Supporters say law enforcement officers in schools need guns to meet grave threats that may emerge in school hallways.
Last year's School Safety and Resiliency Act, which SB 8 tweaks, passed in the aftermath of a deadly school shooting at Marshall County High School in January 2018 in which two students were killed.
"The fact of the matter is shootings take place in a matter of seconds to very few minutes," said Rep. John Blanton, R-Salyersville. "Oftentimes, more times than not when you're waiting on reactionary response from someone outside the properties, it's going to be over before they get there."
But Rep. Lisa Willner, a Louisville Democrat who voted against SB 8, challenged the thinking that armed security officers actually make schools safer.

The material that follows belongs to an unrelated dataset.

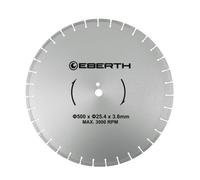 Disco de corte diamantado EBERTH, para piedra, hormigón, baldosas y gres porcelánico. Disco de diamante de 500 mm de diámetro y 25,4 mm de agujero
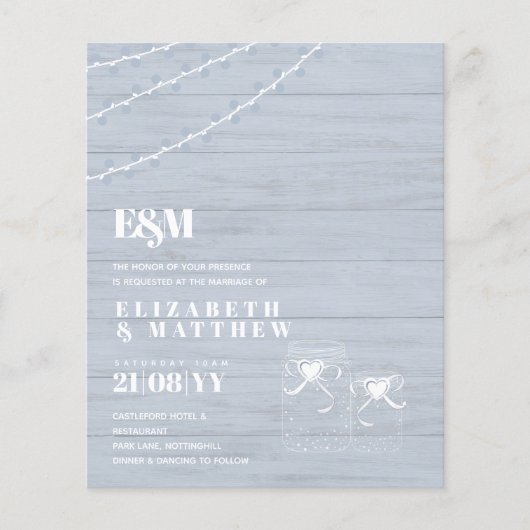 BUDGET BOHO Stofblauw Drijfhout MasonJars Bruiloft (Voorkant)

"We have lots of abundant research showing that the way we keep children safe is through a sense of belonging and good relationships with trusted adults," she said. "We don't have research showing that children are safer in schools by the presence of an armed officer."
Opponents of the measure also raised concerns about how negative interactions with police can traumatize students, particularly minority youth.
Last year's school safety law includes mandatory training in subjects like trauma-informed care and implicit bias, but Rep. Charles Booker worried that minority youth could be at risk in the presence of law enforcement officers.
"We have to understand that because of how our institutions have been built, how our economy and our government have been designed and built and thrived, there are certain populations of people that get criminalized, get seen to be an animal, get seen to be a deadly threat just from their mere existence," said Booker, a Louisville Democrat who also voted against SB 8.
"And if you haven't felt that personally, I understand why this conversation feels like a waste of time to you, but I'm standing up as someone who has felt that and has seen it for my entire life."
SB 8 supporters suggested that having armed resource officers would give students who feel threatened by police opportunities of positive interactions with law enforcement.
Still, much of their support for SB 8 centered around making sure officers can respond to threats at schools.
"We talk about cultural problems. We talk about race problems," said Rep. Randy Bridges, R-Paducah. "I don't care if you're white. I don't care if you're brown. I don't care if you're any shade in between.
"There's one color that's more important than that because I've spent 20 years listening to these officers, listening to these students, listening to these teachers. That color is blood red when it's pooled on the floor."
The School Safety and Resiliency Act requires districts to hire one school resource officer for every school as funding and prospective employees become available. SB 8 would amend that to stipulate that districts must have an armed officer for every school campus.
The new school safety law also requires districts to hire one school counselor for every 250 students, also as money and qualified personnel are available. SB 8 would add mental health professionals to that mandate.
A pair of floor amendments offered by Rep. Jeff Donohue, D-Fairdale, that would have required officers to wear body cameras and given school districts the option of arming them with non-lethal weapons failed to pass Friday.
SB 8 cleared the Senate on a 34-1 vote Jan. 27.